Another important detail about language availability. At launch, Siri AI only understands English, whereas Gemini already supports 70 languages. For a Russian-speaking user, this is a direct practical signal: the voice assistant on Android understands you today, while Apple’s equivalent in your native language will start working at an unknown date.
AI Features on Android and iOS
Apple Intelligence is the umbrella term for AI features not directly tied to Siri. And almost every capability shown has a close counterpart on Android. For example, the phone can now pull up relevant data at the right moment: when calling an airline, it displays your booking. The exact same scenario was demonstrated last fall in Magic Cue on Pixel 10 and in Now Nudge on Galaxy S26.

Old Google Photos features only arriving now. Image: Apple
The list of overlaps is long:
- contextual buttons when searching the screen — similar to what Circle to Search and Honor’s experiments on Android 16 have long been able to do;
- new AI editing tools in Apple Photos — almost all of them have been available in Google Photos for several years;
- writing emails, generating ideas from photos, and editing calendar events by voice — familiar scenarios for Android users;
- labels indicating an image was created or modified by AI — an analogue of Google’s long-running warning;
- smart home app update with AI — visually replicates the Google Home upgrade announced last fall.

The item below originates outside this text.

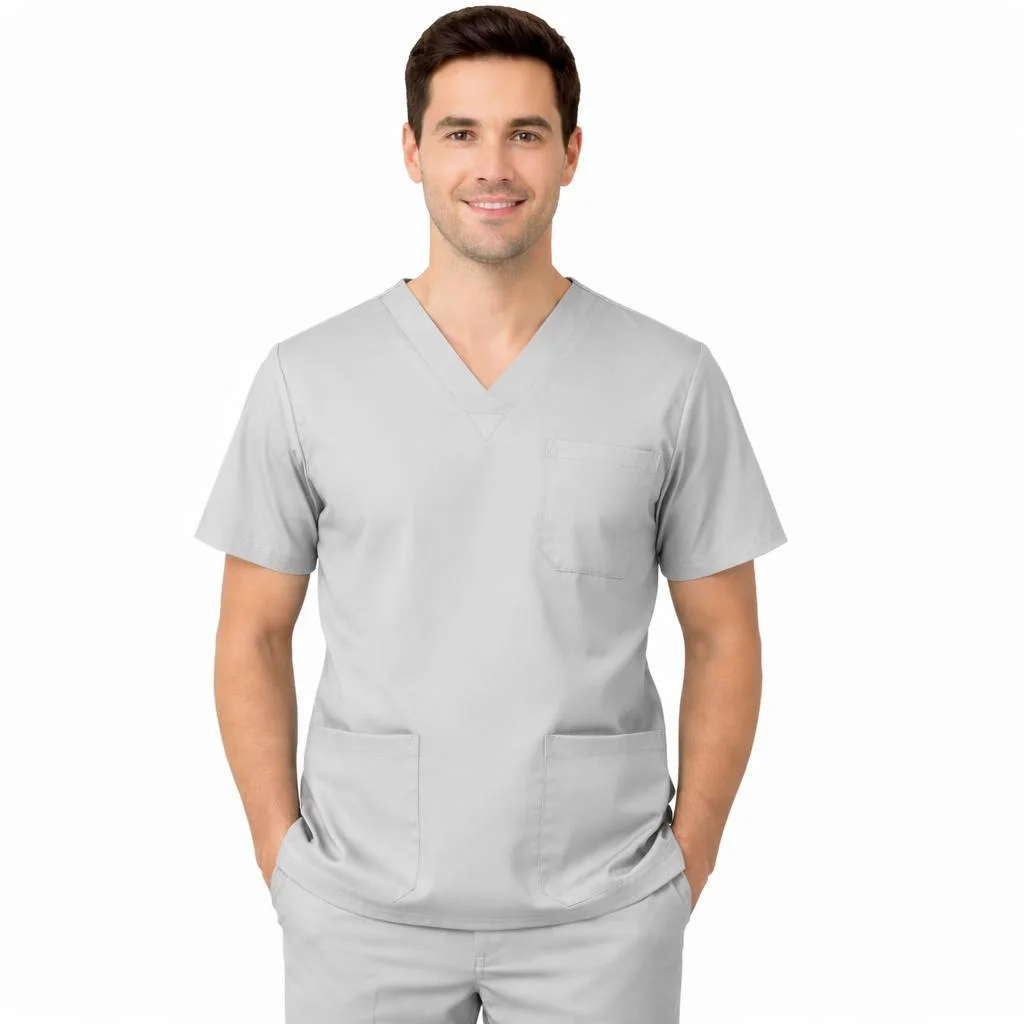 Pyjama de Bloc Col V HOMME GRIS CLAIRE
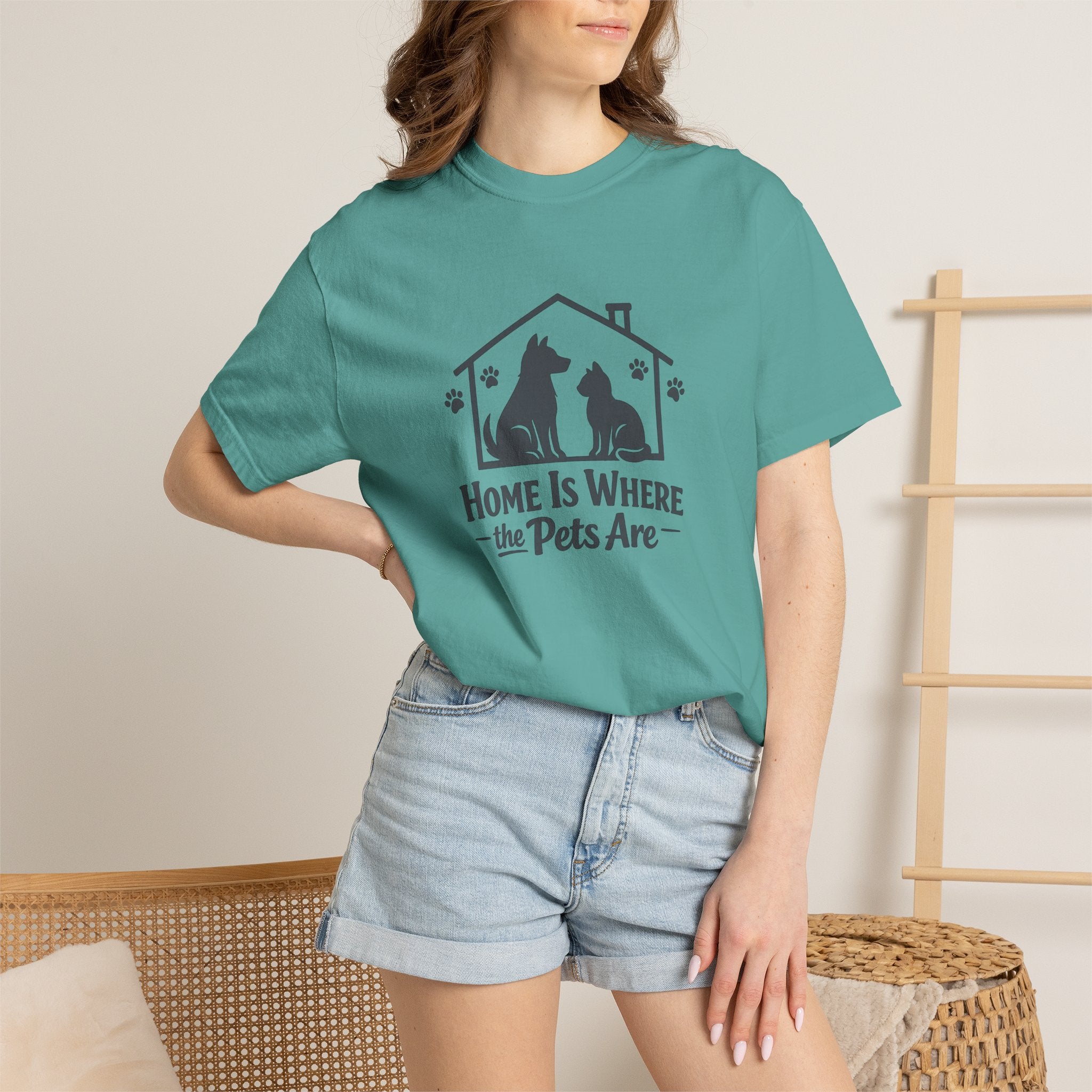 Pet Lover T-Shirt — "Home Is Where the Pets Are" Graphic Tee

Separately, Apple promises to improve voice input and autocorrect using AI. But Google linked its assistant to the Gboard keyboard back in 2020, and natural speech recognition on Android is already a generation ahead of what Apple showed. How well autocorrect will ultimately work on iPhone — we’ll see after the public release.
Is It Worth Switching from Android to iOS 27
The sober conclusion is this: iOS 27 is largely catching up to Android, not surpassing it. Most of the headline features are functions that Android smartphone owners have been using for a long time, sometimes since 2017–2020. Moreover, some capabilities Apple is releasing with regional and language restrictions, whereas on Android they’re already available and support Russian.
Who this matters to: if you’re on Android and were wondering whether you’re “falling behind” friends with iPhones — it’s more like the opposite. If you’re choosing between platforms, don’t be swayed only by a flashy presentation: real practical benefits are easier to get right now on Android.